Gilead makes physical drugs for biological diseases that AGI cannot cure through software — low disruption risk with potential AGI upside in accelerated drug discovery.
Gilead Sciences is a biopharmaceutical company focused on developing and commercializing innovative medicines in areas of unmet medical need, primarily HIV/AIDS, liver diseases (hepatitis B and C), oncology/hematology, and inflammation. The company is the global leader in HIV treatment and prevention, with its antiretroviral therapies used by millions of patients worldwide. Gilead also developed the blockbuster hepatitis C cures (Sovaldi/Harvoni) and Veklury (remdesivir) for COVID-19. Through its acquisition of Kite Pharma, Gilead is a leader in CAR-T cell therapy for cancer.
Healthcare providers (hospitals, clinics, infectious disease specialists, oncologists), wholesalers and specialty pharmacy distributors, government health agencies (Ryan White program, VA, international programs like PEPFAR), and patients.
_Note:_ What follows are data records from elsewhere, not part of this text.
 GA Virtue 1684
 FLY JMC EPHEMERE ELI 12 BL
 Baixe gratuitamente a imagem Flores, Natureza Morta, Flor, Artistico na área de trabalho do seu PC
Gilead sells through major pharmaceutical distributors including McKesson, AmerisourceBergen, and Cardinal Health in the US.
AGI cannot replace pharmaceutical drugs. Gilead's products — HIV antivirals (Biktarvy, Descovy), hepatitis C cures (Sovaldi, Harvoni), oncology cell therapies (Yescarta, Tecartus), and pulmonary drugs — are physical molecules and biological therapies that must be manufactured, distributed, and administered to patients. AGI could accelerate drug discovery (potentially for competitors), but the drugs themselves are physical products protected by patents and regulatory exclusivity. Gilead's customers are patients, hospitals, and healthcare systems. People with HIV, cancer, and liver disease will continue to need treatment regardless of AGI. Disease does not care about technological disruption.